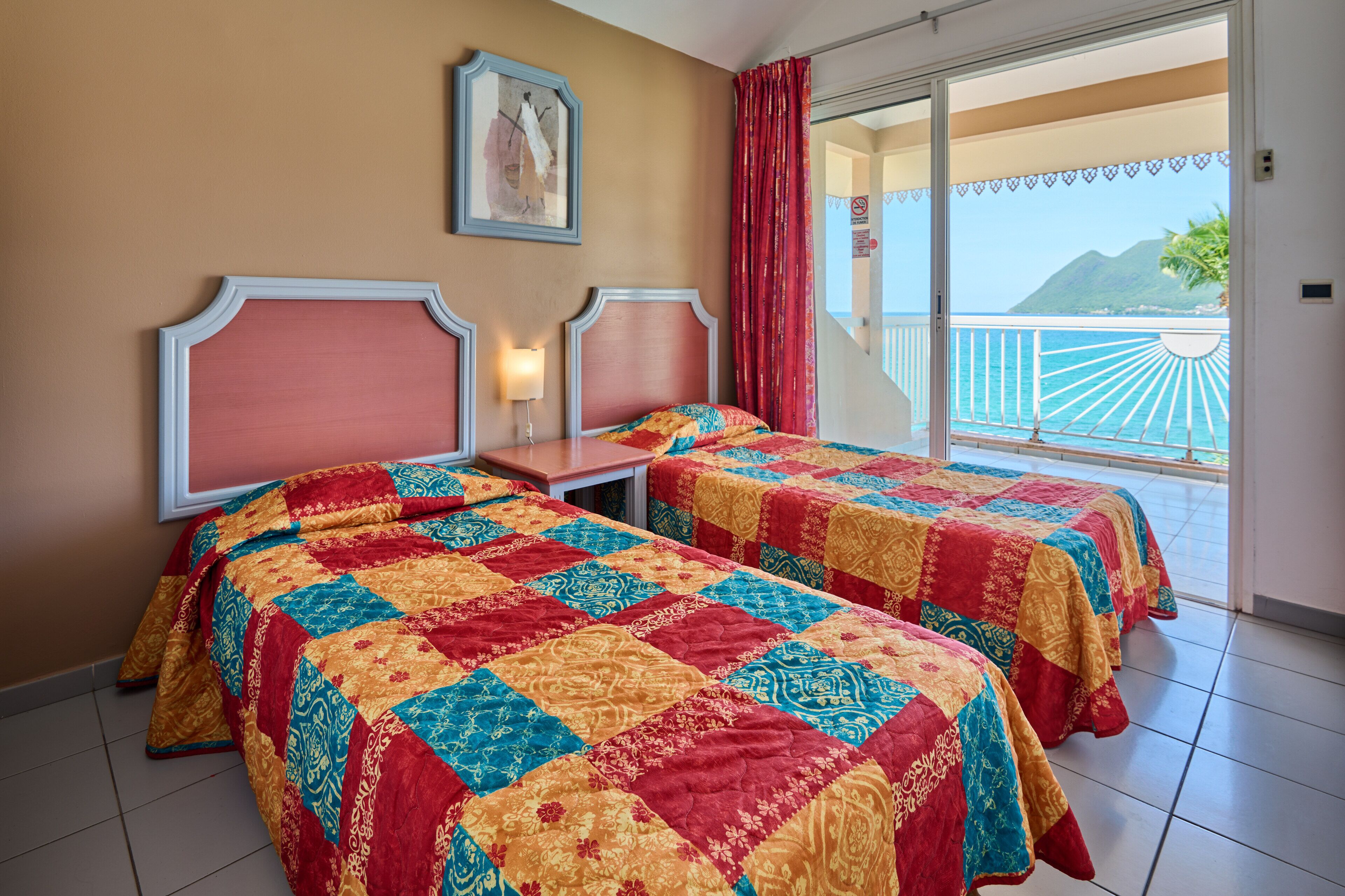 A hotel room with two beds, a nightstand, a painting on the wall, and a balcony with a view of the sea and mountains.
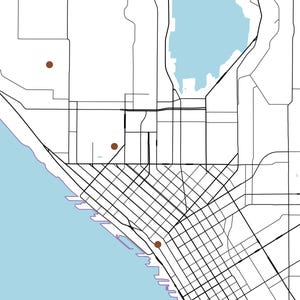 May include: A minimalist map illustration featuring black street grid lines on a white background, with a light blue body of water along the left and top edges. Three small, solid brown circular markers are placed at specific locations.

■ ■ ■

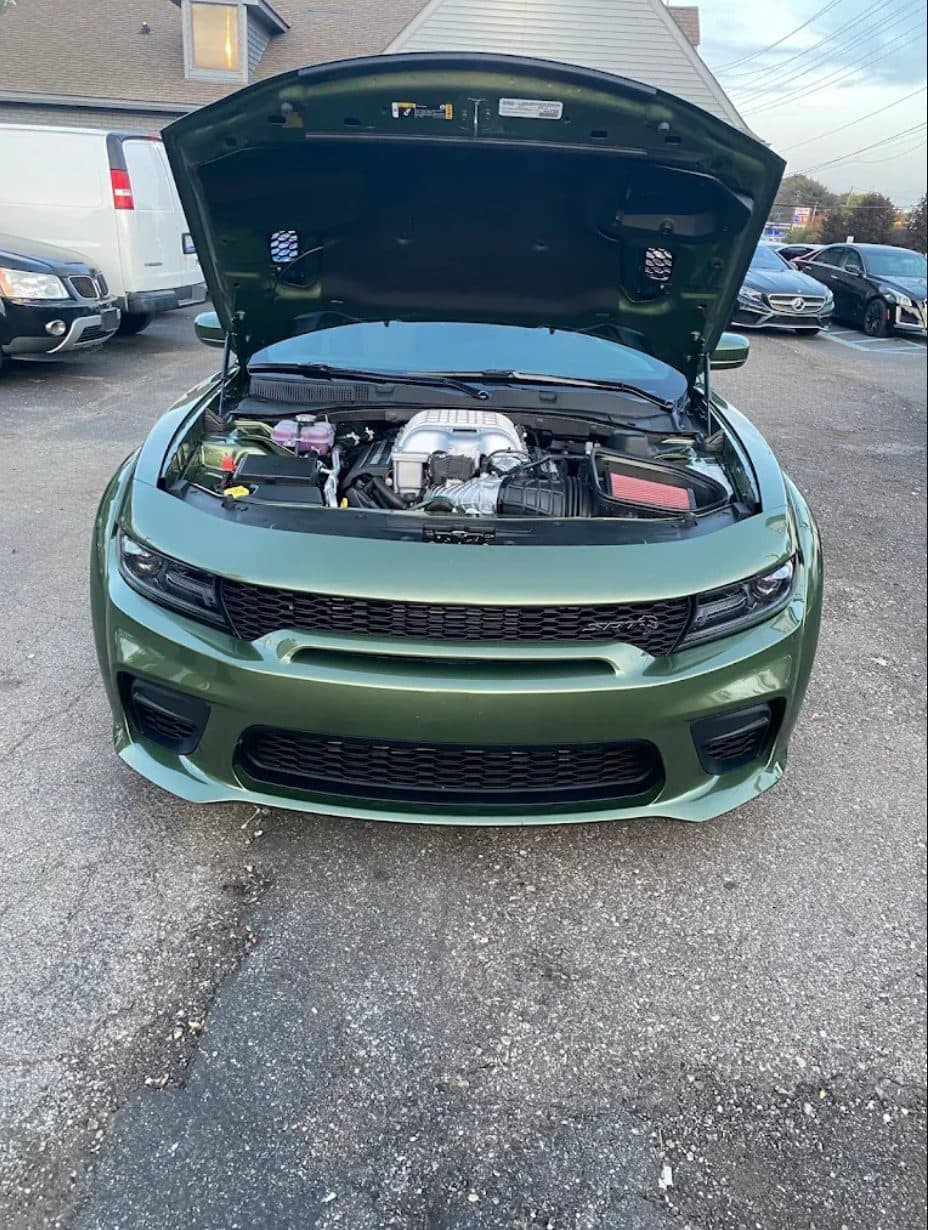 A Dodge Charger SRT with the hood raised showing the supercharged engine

■ ■ ■

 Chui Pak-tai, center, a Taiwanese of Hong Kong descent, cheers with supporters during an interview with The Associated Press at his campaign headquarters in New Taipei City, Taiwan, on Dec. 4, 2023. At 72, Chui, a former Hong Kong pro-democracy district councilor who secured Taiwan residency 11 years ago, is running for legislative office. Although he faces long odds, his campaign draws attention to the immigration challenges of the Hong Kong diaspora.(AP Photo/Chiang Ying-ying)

■ ■ ■

**TASK**
Among the entries above, find the line with "A hotel room" and repeat exactly from there through the line with "May include: A", leaving out the pictures.

**SOLUTION BELOW**
 A hotel room with two beds, a nightstand, a painting on the wall, and a balcony with a view of the sea and mountains.
 May include: A minimalist map illustration featuring black street grid lines on a white background, with a light blue body of water along the left and top edges. Three small, solid brown circular markers are placed at specific locations.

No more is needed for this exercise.